The view from Kathmandu
In Kathmandu, however, the Nepalis of the Teesta are seen from different lenses. The first is to incorporate them within the larger Nepali nation, or as some of our nationalists like to imagine, part of the "Greater Nepal" state. Thus we have hordes of Nepalis who vote for Prashant Tamang to win Indian Idol or support the Gorkhaland movement, despite being hard-pressed to find a Nepali from West Bengal or Sikkim, or any of the other north-eastern states, who’d identify themselves with the Nepali nation.
But Kathmandu’s favourite way of imagining the lands of the Teesta today is through the phrase "Sikkimikaran"—the fear that Delhi will subsume Nepal through demographic changes just as it did Sikkim. The paranoia of "Sikkimisation" haunts policymakers and press personnel alike today just as in 1975 (when it led to a showdown between Nepal and India), as we saw in the run-up to the 2015 Constitution and the violent suppression (and eventual co-option) of the Madhesi and Tharu identities. One can argue endlessly about whether Sikkim was "merged" or "annexed" by India (although every indicator suggests the state is in a better place post 1975). But the lesson Nepal should really learn from the erstwhile Himalayan kingdom is best put by McKay in his illuminating history of Sikkim, The Mandala Kingdom. The Sikkimese identity as imagined by its Chogyals was Buddhist by religion and Bhutia-Lepcha by ethnicity, one which excluded Nepali immigrants.
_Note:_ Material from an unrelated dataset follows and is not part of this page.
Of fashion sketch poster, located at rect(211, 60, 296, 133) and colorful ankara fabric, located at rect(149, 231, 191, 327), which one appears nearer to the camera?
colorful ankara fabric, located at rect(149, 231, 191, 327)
Such exclusion inevitably led to discontent, and by the time the Chogyals attempted to incorporate Nepalis within a Sikkimese identity, it was too late.
The Nepali state–represented in perpetuity by upper caste hill men–can draw lessons of its own from Sikkim’s past and present. The Nepali diaspora has long shown it does not need a state to claim its identity. In any case, Nepal’s greatest gift to the world has always been its people, who’ve laboured far and wide despite the state.